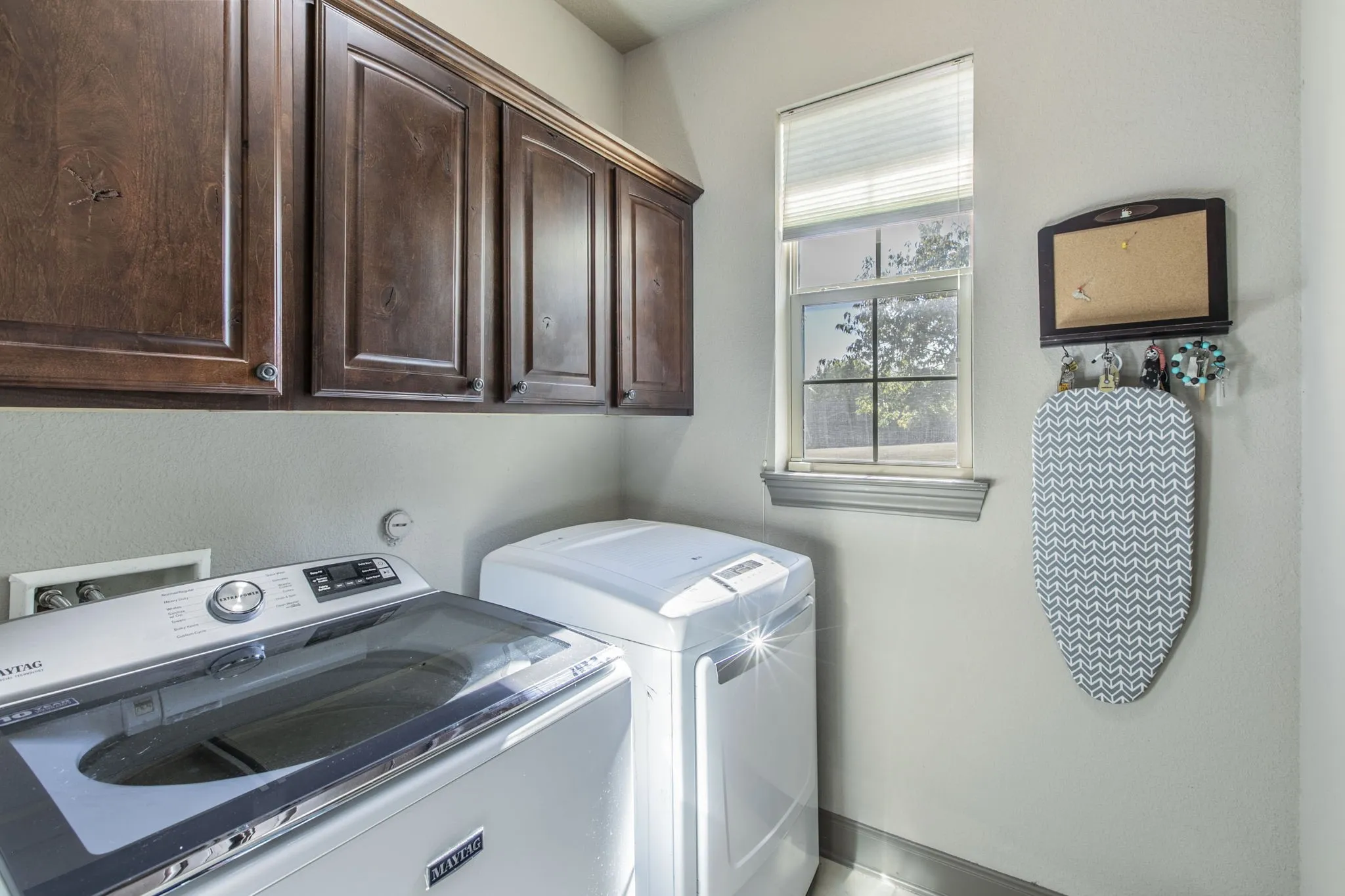 Single Family Residence For Sale in Ellis County , 206 Hidden Meadow Circle, Midlothian, Texas 76065, 3 Bedroom, 4 Bathroom, 2 Garage spaces, 3,408 Sqft, built in 2012, mls#21124236, Real Estate Agent in Midlothian, Homes For Sale in Ellis county, Homes For Sale in Midlothian, Realtor in Midlothian Texas, Real Estate Brokerage Independent Realty Texas, Luminita Cordes Realtor
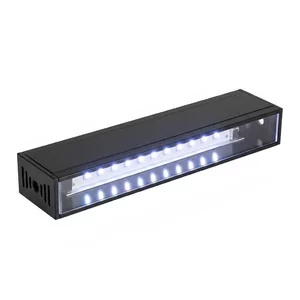 30cm d�ugo�ci - Pokrywy o�wietleniowe 30cm d�ugo�ci to kompaktowe rozwi�zania ��cz�ce funkcj� zabezpieczenia akwarium z wbudowanym o�wietleniem LED. Dedykowane s� do ma�ych akwari�w o d�ugo�ci 30 centymetr�w, stanowi�c idealne rozwi�zanie dla pocz�tkuj�cych akwaryst�w oraz do niewielkich kompozycji akwariowych...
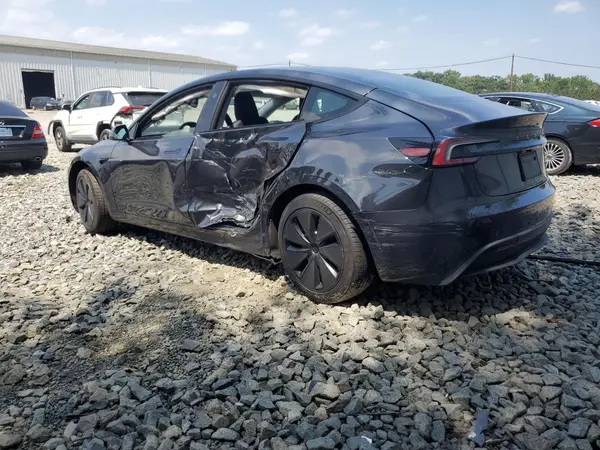 5YJ3E1EA1SF943685 2025 TESLA MODEL 3 - Image 2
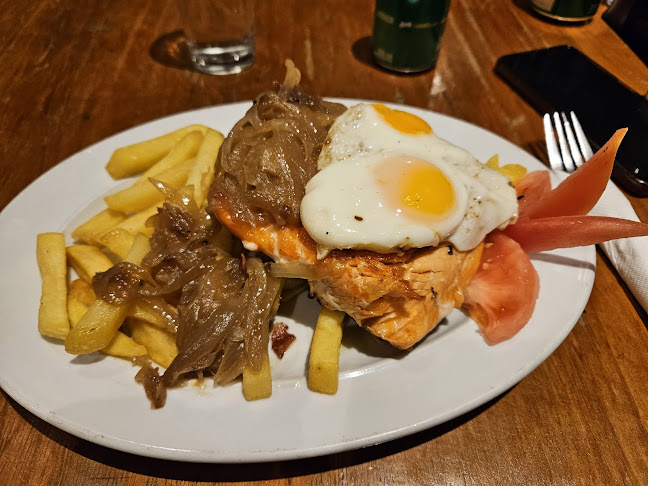 Café Sherlock Open Times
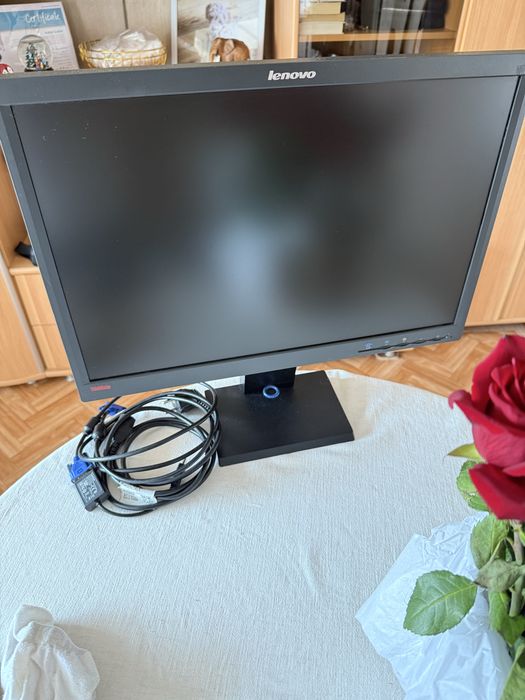 Монитор для работы и учебы Lenovo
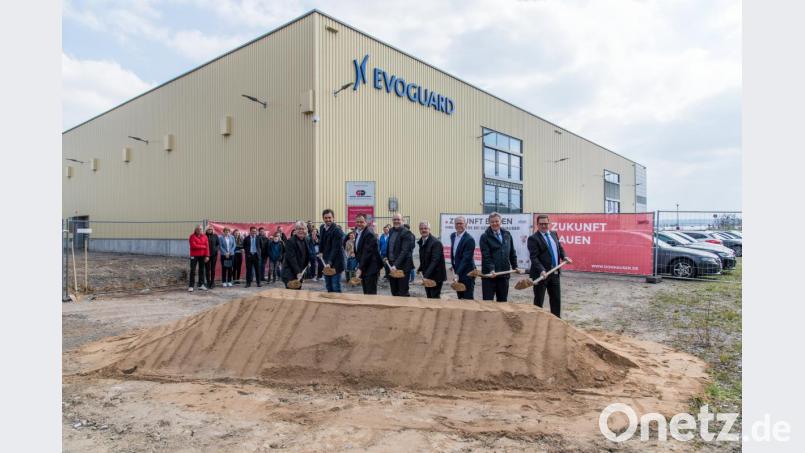 Beim Spatenstich waren mit dabei (vorne, von links) Helmut Hummel, Bauunternehmen Gebr. Donhauser, Matthias Altmann, Ingenieurbüro Altmann, Franz Zollner und Jürgen Schötzigk, beide Krones AG, Karl Bley, Bürgermeister von Nittenau, Martin Zierer, Evoguard GmbH, Landtagsabgeordneter Joachim Harnisch sowie Armin Ott, Krones AG. Bild: exb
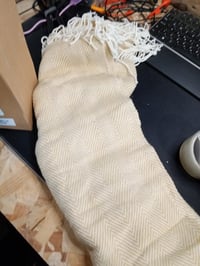 BOURINA Prikrývka z umého kašmíru s rybím vzorom a strapcami – na pohovku, posteľ, kreslo – ľahká, mäkká – 127x152 cm — iná farba (stav: pozri 2. obrázok) 2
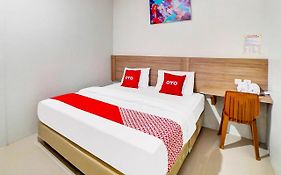 Oyo 91211 Mega Comfort Guest House Medan Indonesia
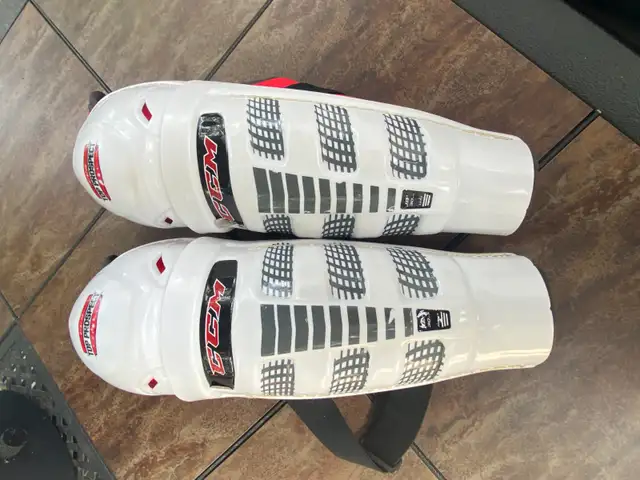 Youth hockey equipment in Hockey in Edmonton - Image 9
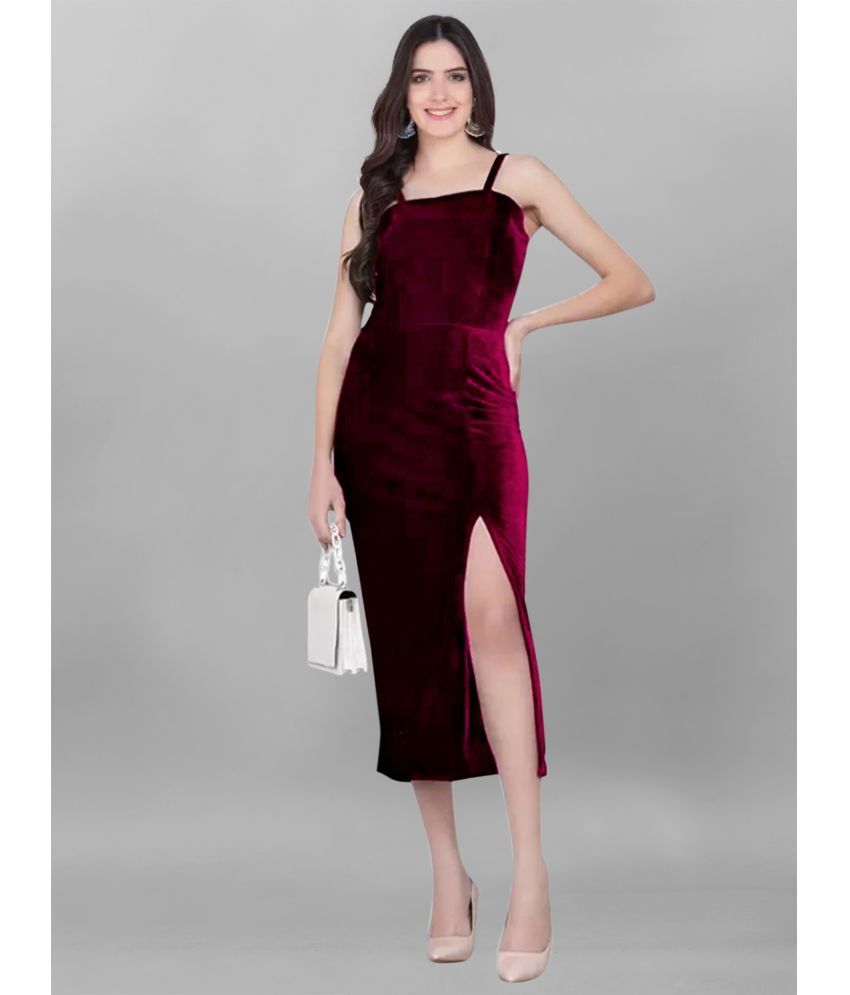     			Apnisha - Wine Velvet Women's Side Slit Dress ( Pack of 1 )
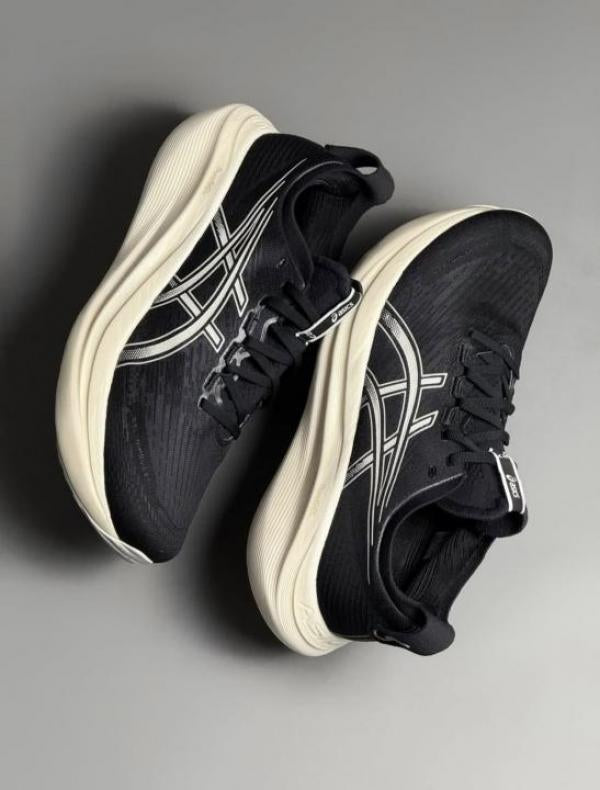 ASCS. Gel Nimbus 25 Cream Black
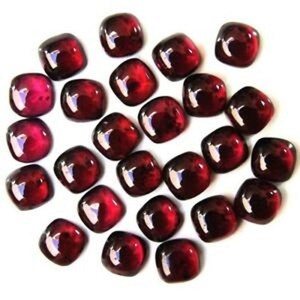 Garnet rouge naturel de Hyderabad, cabochon coussin, dos plat, calibré, pierre précieuse en vrac pour la fabrication de bijoux, qualité de gros - Product Image 3
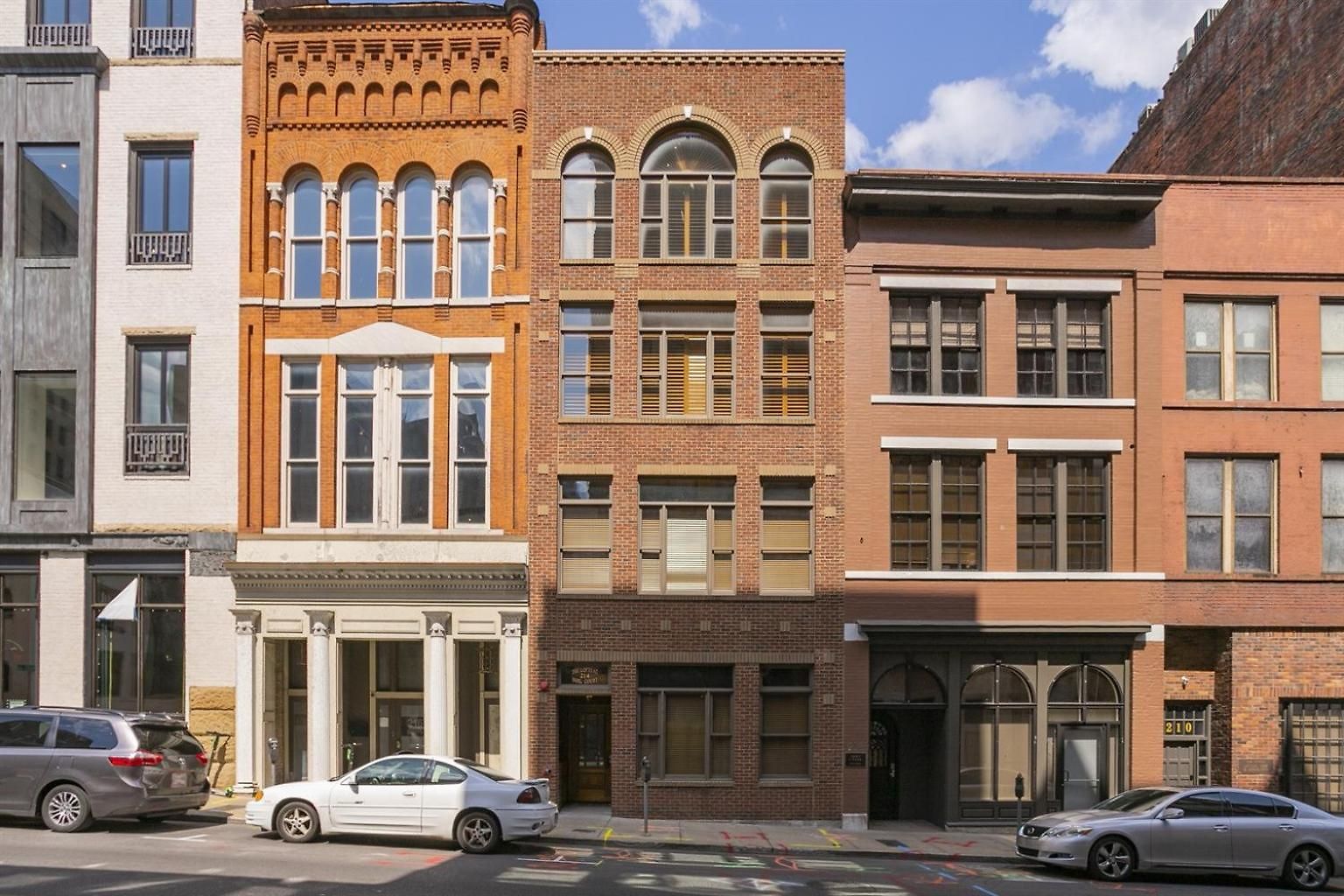 The Johnny Cash Dual Downtown At Printer's Alley & Steps To Broadway Nashville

● ● ● ● ●

> Problem to work on: For the entries above, return an exact copy that omits the images.

> Written answer:
 Single Family Residence For Sale in Ellis County , 206 Hidden Meadow Circle, Midlothian, Texas 76065, 3 Bedroom, 4 Bathroom, 2 Garage spaces, 3,408 Sqft, built in 2012, mls#21124236, Real Estate Agent in Midlothian, Homes For Sale in Ellis county, Homes For Sale in Midlothian, Realtor in Midlothian Texas, Real Estate Brokerage Independent Realty Texas, Luminita Cordes Realtor
 30cm d�ugo�ci - Pokrywy o�wietleniowe 30cm d�ugo�ci to kompaktowe rozwi�zania ��cz�ce funkcj� zabezpieczenia akwarium z wbudowanym o�wietleniem LED. Dedykowane s� do ma�ych akwari�w o d�ugo�ci 30 centymetr�w, stanowi�c idealne rozwi�zanie dla pocz�tkuj�cych akwaryst�w oraz do niewielkich kompozycji akwariowych...
 5YJ3E1EA1SF943685 2025 TESLA MODEL 3 - Image 2
 Café Sherlock Open Times
 Монитор для работы и учебы Lenovo
 Beim Spatenstich waren mit dabei (vorne, von links) Helmut Hummel, Bauunternehmen Gebr. Donhauser, Matthias Altmann, Ingenieurbüro Altmann, Franz Zollner und Jürgen Schötzigk, beide Krones AG, Karl Bley, Bürgermeister von Nittenau, Martin Zierer, Evoguard GmbH, Landtagsabgeordneter Joachim Harnisch sowie Armin Ott, Krones AG. Bild: exb
 BOURINA Prikrývka z umého kašmíru s rybím vzorom a strapcami – na pohovku, posteľ, kreslo – ľahká, mäkká – 127x152 cm — iná farba (stav: pozri 2. obrázok) 2
 Oyo 91211 Mega Comfort Guest House Medan Indonesia
 Youth hockey equipment in Hockey in Edmonton - Image 9
     			Apnisha - Wine Velvet Women's Side Slit Dress ( Pack of 1 )
 ASCS. Gel Nimbus 25 Cream Black
 Garnet rouge naturel de Hyderabad, cabochon coussin, dos plat, calibré, pierre précieuse en vrac pour la fabrication de bijoux, qualité de gros - Product Image 3
 The Johnny Cash Dual Downtown At Printer's Alley & Steps To Broadway Nashville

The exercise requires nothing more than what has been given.